_Activity_
The records that follow must be printed exactly as they are.

_Dataset excerpts_
*-*-*

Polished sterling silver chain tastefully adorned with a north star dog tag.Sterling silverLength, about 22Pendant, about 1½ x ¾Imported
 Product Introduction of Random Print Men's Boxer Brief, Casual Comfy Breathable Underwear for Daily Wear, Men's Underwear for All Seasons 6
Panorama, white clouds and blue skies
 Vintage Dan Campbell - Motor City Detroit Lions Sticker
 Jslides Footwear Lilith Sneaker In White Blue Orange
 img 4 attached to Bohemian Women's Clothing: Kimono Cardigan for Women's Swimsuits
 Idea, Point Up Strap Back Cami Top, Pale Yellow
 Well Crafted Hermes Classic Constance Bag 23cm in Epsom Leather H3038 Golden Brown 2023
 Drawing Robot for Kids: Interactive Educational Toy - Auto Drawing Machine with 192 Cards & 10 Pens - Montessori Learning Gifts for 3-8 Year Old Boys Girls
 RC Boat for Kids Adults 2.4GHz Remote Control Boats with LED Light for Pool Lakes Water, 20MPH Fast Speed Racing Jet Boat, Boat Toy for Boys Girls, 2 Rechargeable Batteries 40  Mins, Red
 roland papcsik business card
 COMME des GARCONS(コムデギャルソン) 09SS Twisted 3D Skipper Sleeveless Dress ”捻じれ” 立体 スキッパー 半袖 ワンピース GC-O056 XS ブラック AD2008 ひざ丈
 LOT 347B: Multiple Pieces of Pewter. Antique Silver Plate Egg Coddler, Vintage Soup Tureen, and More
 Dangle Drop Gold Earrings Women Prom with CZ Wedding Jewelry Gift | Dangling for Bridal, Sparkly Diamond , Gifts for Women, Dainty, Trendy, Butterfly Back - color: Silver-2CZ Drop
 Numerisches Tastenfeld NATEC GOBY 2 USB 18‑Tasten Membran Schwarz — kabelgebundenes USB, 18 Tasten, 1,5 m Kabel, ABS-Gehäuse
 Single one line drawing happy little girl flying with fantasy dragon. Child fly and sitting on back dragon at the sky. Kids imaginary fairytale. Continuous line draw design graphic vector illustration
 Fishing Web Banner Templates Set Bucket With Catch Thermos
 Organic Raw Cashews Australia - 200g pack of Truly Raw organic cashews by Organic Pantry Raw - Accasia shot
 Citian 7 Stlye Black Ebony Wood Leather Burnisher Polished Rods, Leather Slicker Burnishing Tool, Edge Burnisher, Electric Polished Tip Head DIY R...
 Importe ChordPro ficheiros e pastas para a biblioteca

*-*-*

_Exercise result_
Polished sterling silver chain tastefully adorned with a north star dog tag.Sterling silverLength, about 22Pendant, about 1½ x ¾Imported
 Product Introduction of Random Print Men's Boxer Brief, Casual Comfy Breathable Underwear for Daily Wear, Men's Underwear for All Seasons 6
Panorama, white clouds and blue skies
 Vintage Dan Campbell - Motor City Detroit Lions Sticker
 Jslides Footwear Lilith Sneaker In White Blue Orange
 img 4 attached to Bohemian Women's Clothing: Kimono Cardigan for Women's Swimsuits
 Idea, Point Up Strap Back Cami Top, Pale Yellow
 Well Crafted Hermes Classic Constance Bag 23cm in Epsom Leather H3038 Golden Brown 2023
 Drawing Robot for Kids: Interactive Educational Toy - Auto Drawing Machine with 192 Cards & 10 Pens - Montessori Learning Gifts for 3-8 Year Old Boys Girls
 RC Boat for Kids Adults 2.4GHz Remote Control Boats with LED Light for Pool Lakes Water, 20MPH Fast Speed Racing Jet Boat, Boat Toy for Boys Girls, 2 Rechargeable Batteries 40  Mins, Red
 roland papcsik business card
 COMME des GARCONS(コムデギャルソン) 09SS Twisted 3D Skipper Sleeveless Dress ”捻じれ” 立体 スキッパー 半袖 ワンピース GC-O056 XS ブラック AD2008 ひざ丈
 LOT 347B: Multiple Pieces of Pewter. Antique Silver Plate Egg Coddler, Vintage Soup Tureen, and More
 Dangle Drop Gold Earrings Women Prom with CZ Wedding Jewelry Gift | Dangling for Bridal, Sparkly Diamond , Gifts for Women, Dainty, Trendy, Butterfly Back - color: Silver-2CZ Drop
 Numerisches Tastenfeld NATEC GOBY 2 USB 18‑Tasten Membran Schwarz — kabelgebundenes USB, 18 Tasten, 1,5 m Kabel, ABS-Gehäuse
 Single one line drawing happy little girl flying with fantasy dragon. Child fly and sitting on back dragon at the sky. Kids imaginary fairytale. Continuous line draw design graphic vector illustration
 Fishing Web Banner Templates Set Bucket With Catch Thermos
 Organic Raw Cashews Australia - 200g pack of Truly Raw organic cashews by Organic Pantry Raw - Accasia shot
 Citian 7 Stlye Black Ebony Wood Leather Burnisher Polished Rods, Leather Slicker Burnishing Tool, Edge Burnisher, Electric Polished Tip Head DIY R...
 Importe ChordPro ficheiros e pastas para a biblioteca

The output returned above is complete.